1. Revenue Protection

Before: Drift could cause users to access paid features on free plan or lose access to features they paid for.

After: Enforcement ensures plan limits match Stripe subscription. Auditor auto-corrects drift before users notice.

2. Compliance & Support

Before: No audit trail of plan changes. Customer disputes hard to resolve.

After: Complete ledger with before/after state, timestamps, event sources. Support can show exactly when and why plan changed.

3. Operational Efficiency

Before: Manual drift correction required admin intervention.

After: Auditor detects AND fixes drift automatically.
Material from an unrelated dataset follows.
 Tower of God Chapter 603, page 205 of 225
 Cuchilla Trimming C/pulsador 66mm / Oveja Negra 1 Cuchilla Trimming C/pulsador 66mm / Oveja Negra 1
Only complex cases (missing subscriptions, unknown price IDs) require manual review.

4. Code Maintainability

Before: Changes to plan logic required updating 10 separate handlers.

After: One function to update. Integration points just call enforcement with appropriate source.

Lessons Learned

1. Design for Idempotency from Day One

Webhooks will be duplicated. Don’t treat it as an edge case—it’s the normal case.
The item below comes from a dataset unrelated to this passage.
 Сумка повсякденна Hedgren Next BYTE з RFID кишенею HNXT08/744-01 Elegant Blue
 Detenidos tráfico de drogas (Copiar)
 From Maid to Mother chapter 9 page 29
Key pattern: Always compare current state vs. target state before updating.

2. Audit Trails Are Not Optional

For billing systems, you need to prove:

When did the plan change?
Why did it change?
Who/what triggered the change?

Ledger entries with before/after deltas provide this proof.

3. Passive Design Prevents Circular Loops

Never update Stripe from enforcement logic.
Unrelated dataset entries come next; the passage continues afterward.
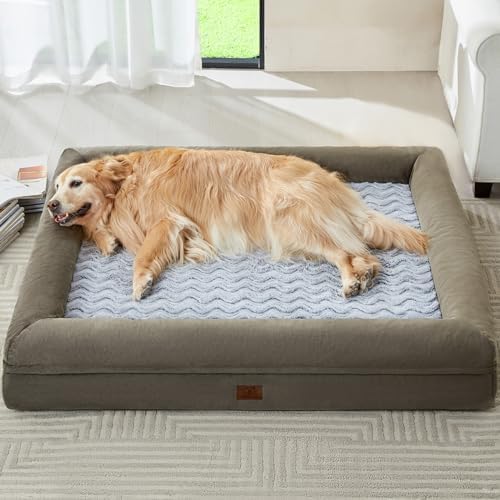 WNPETHOME XL Extra Large Orthopedic by WNPETHOMEPETSHOME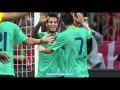 Thiago Alcantara vs Bayern M. amazing goals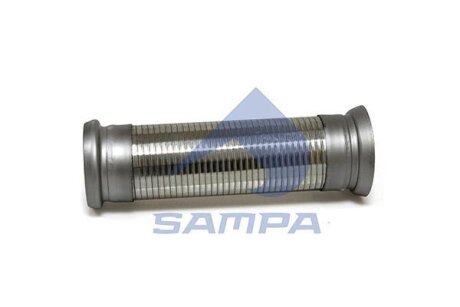 620 490 0365 гофра (90х285) SAMPA 100052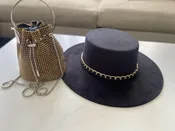 Midnight | Hat — Style Therapii Boutique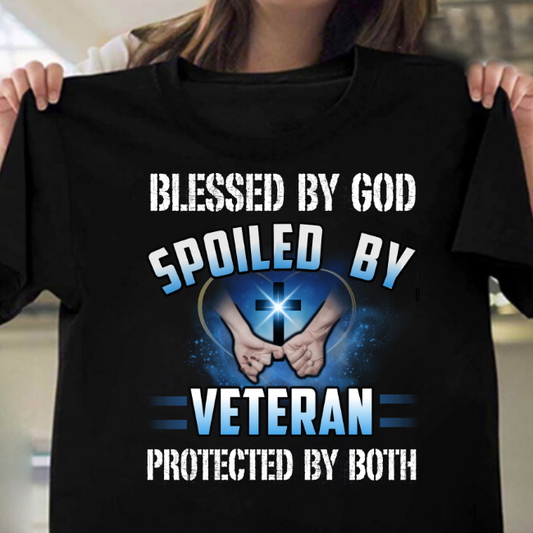Veteran's Wife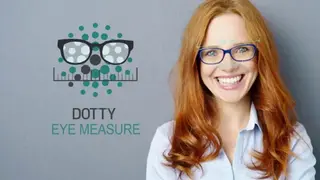 EyeMeasure screenshot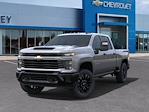 2025 Chevrolet Silverado 2500 Crew Cab 4WD, Pickup for sale #G57473 - photo 30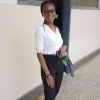 Mary Bampoe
Stripe is source of truth for billing. Workspace is source of truth for runtime behavior. Updating Stripe triggers webhook → triggers enforcement → infinite loop.

The rule: Enforcement only reads Stripe, applies to workspace.

4. Test More Than You Implement

1.7:1 test-to-code ratio caught 5 bugs before production. Worth the investment.

Technical Skills Demonstrated

Distributed Systems: Handling eventually consistent external events
System Design: Consolidating duplicate logic into authoritative function
Testing: Comprehensive test coverage with mocks and behavioral contracts
Firebase/Firestore: Server-side operations with Firestore Admin SDK
Stripe Integration: Webhooks, subscriptions, idempotency
TypeScript: Type-safe interfaces and validation
DevOps: Automated testing with Vitest, git workflow

What’s Next

Optional Enhancements

Batch Enforcement Script - Run enforcement across all workspaces for periodic drift correction
Admin Dashboard UI - Manual “Force Sync” button with real-time Stripe comparison
Monitoring & Alerts - Track enforcement metrics, alert on high failure rate

Integration Opportunities

The 'manual' source is reserved for future admin operations, enabling support staff to manually trigger enforcement when investigating customer issues.

Conclusion

Solving webhook drift required thinking beyond immediate fixes to design a system that:

Handles chaos gracefully - Idempotent design survives duplicates and out-of-order events
Eliminates technical debt - Consolidated duplicate logic into single function
Self-corrects - Auditor detects and fixes drift automatically
Provides compliance - Complete audit trail for every plan change

Measurable outcomes:

Removed 180 lines of duplicate code
Added 264 lines of enforcement + 450 lines of tests
100% test coverage on enforcement logic
Zero manual drift corrections since deployment

This project showcases my approach to building production systems: anticipate failure modes, design for consistency, test comprehensively, and leave systems better than I found them.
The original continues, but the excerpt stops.